Her right side hadn’t escaped undamaged either. She had long gravel scrapes on her right arm and her stomach, probably some to match on her back, and her neck was sore from Orholam knew what. She’d stubbed all the toes of her right foot—didn’t remember doing that either—and her left eye was swollen, not enough to block her vision, but enough to look real pretty. There was also a scratch on her forehead, several attractive lumps on her head, and—what the hell, a cut right on the tip of her nose?
No, not a cut. A pimple. Unbe—A pimple? Now? Orholam hates me.
Every one of her cuts and scratches had been smeared with some kind of ointment that smelled of berries and pine needles. Someone cleared his throat. “There’s more ointment to your right. I tended the more… obvious cuts.”
Which Karris took to mean that Corvan hadn’t stripped her naked.
“Thanks,” she grumbled. “What happened back there?”
“Aside from the obvious?” Corvan asked, his voice flat.
“In the church, downstairs. I’ve never seen red luxin that didn’t burn cleanly. If you drafted it wrong, it should have evaporated, not formed a crust. And what was that thing you were in?” Karris sat up, wincing. Her ankle hurt too. Ow, when had she twisted her ankle? She ignored it, and tried to remember all she knew about Corvan Danavis. He’d been a rebel, of course, but before he’d sided with Dazen, he’d been a scion of one of the great Ruthgari families.
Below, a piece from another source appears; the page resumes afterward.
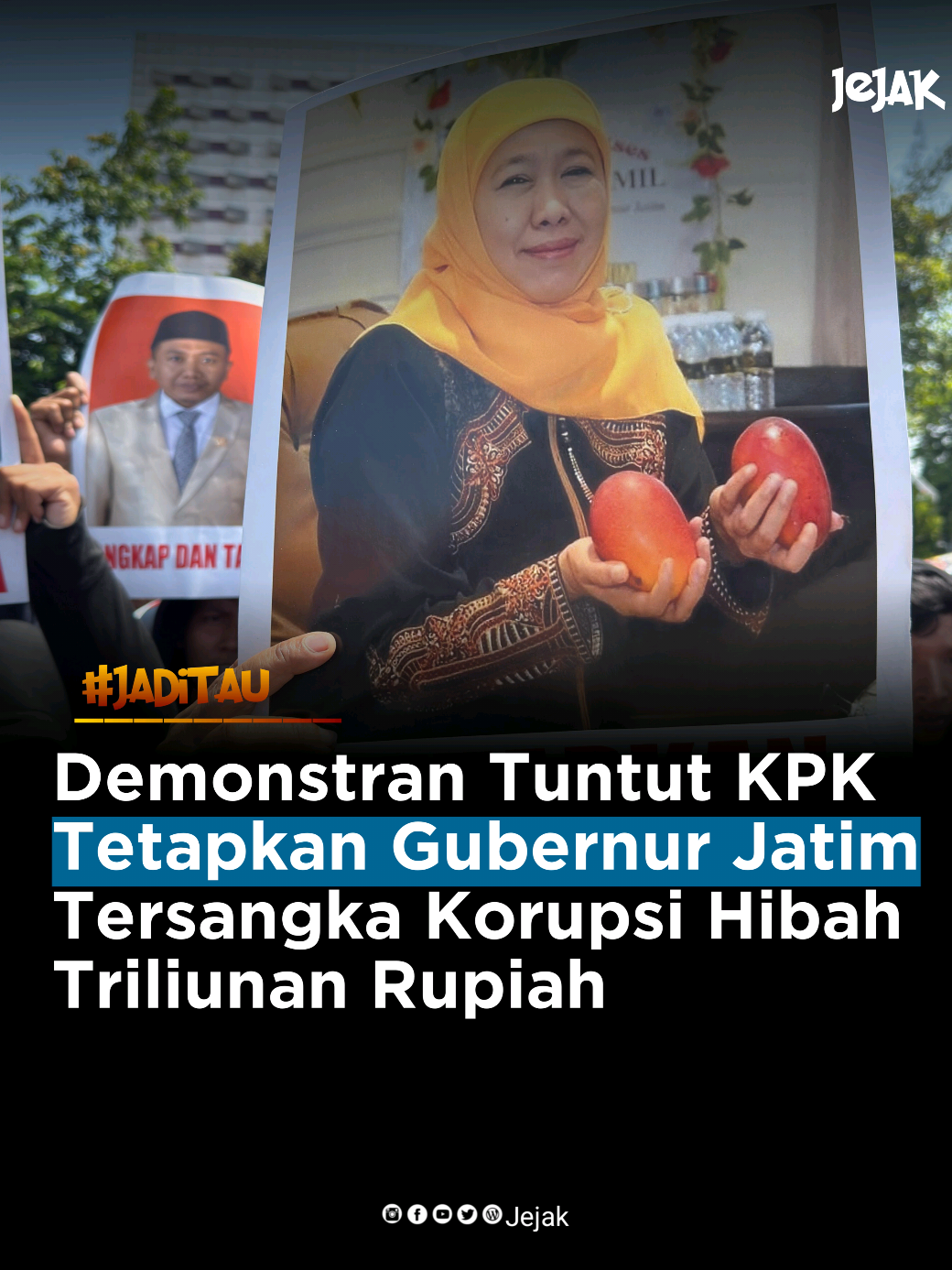 Surabaya – Kasus dugaan korupsi dana hibah Pemprov Jawa Timur kembali memanas. Jaringan Kawal Jawa Timur (Jaka Jatim) menggelar aksi unjuk rasa di depan Gedung DPRD Jawa Timur, Jalan Indrapura dan di depan Gedung Negara Grahadi, Surabaya, Selasa (23/9), menuntut Komisi Pemberantasan Korupsi (KPK) segera menetapkan Gubernur Khofifah Indar Parawansa sebagai tersangka. Koordinator Jaka Jatim, Musfiq, menyebut kerugian negara akibat dugaan penyelewengan hibah APBD Jatim mencapai Rp7,04 triliun sejak 2019 hingga 2023. Pada tahun 2024, kembali ditemukan indikasi penyelewengan berupa hibah Rp17,4 miliar dan bantuan keuangan Rp33,4 miliar. “Ini jelas meresahkan rakyat. Anggaran yang seharusnya untuk kesejahteraan justru dikorupsi. Tanpa SK dan tanda tangan gubernur, dana itu mustahil bisa cair,” tegas Musfiq dalam orasinya. Jaka Jatim juga menyoroti adanya praktik “fee” hingga 50 persen dari nilai hibah yang diduga dipotong sebelum dana cair ke lembaga, yayasan, pondok pesantren, mushalla, maupun masjid penerima. Kasus hibah ini sebelumnya sudah menjerat banyak pejabat. Pada Desember 2022, Wakil Ketua DPRD Jatim Sahat Tua Simanjuntak ditangkap KPK lewat OTT dan divonis 9 tahun penjara. Pada Juli 2024, KPK menetapkan 21 tersangka baru, terdiri atas 4 pejabat dan 17 pihak swasta. Namun hingga kini, Jaka Jatim menilai penanganannya jalan di tempat. Menurut Musfiq, peran Khofifah sebagai kepala daerah sekaligus kuasa pengguna anggaran tak bisa diabaikan. “KPK tidak boleh tebang pilih. Korupsi hibah tidak akan pernah tuntas jika kepala daerah dibiarkan utuh dalam lingkaran birokrasi,” tandasnya. Dalam aksi di depan DPRD Jatim itu, Jaka Jatim membawa lima tuntutan: Menetapkan Gubernur Jatim sebagai tersangka dalam kasus korupsi dana hibah 2019–2024. Mengusut dugaan fee hingga 50% dari alokasi hibah. Tidak hanya fokus pada hibah pokir DPRD, tetapi juga mengusut hibah eksekutif yang nilainya lebih besar. Menindak kepala OPD yang menjadi pelaksana teknis hibah. Menuntaskan kasus tanpa pandang bulu. Musfiq menegaskan, Jaka Jatim akan terus mengawal kasus ini sampai ada kepastian hukum yang adil. #tranding #fyp #foryoupage #viraltiktok #fypシ゚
For nearly a hundred years, Ruthgar and the Blood Forest had been bound together in peace, the closest of allies. Noble families from Ruthgar had intermarried with the leading families of Blood Foresters, holding lands on either side of the Great River. Other peoples had begun referring to the countries as one, merging the Verdant Plains and the Blood Forest to call the joint country Green Forest. Vician’s Sin had put an end to that, and by a generation before the False Prism’s War, the countries were instead known as the Blood Plains. If one good thing had come from the False Prism’s War, it was that it had given Gavin the clout to finally end the interminable small-scale war constantly simmering between Ruthgar and the Blood Forest.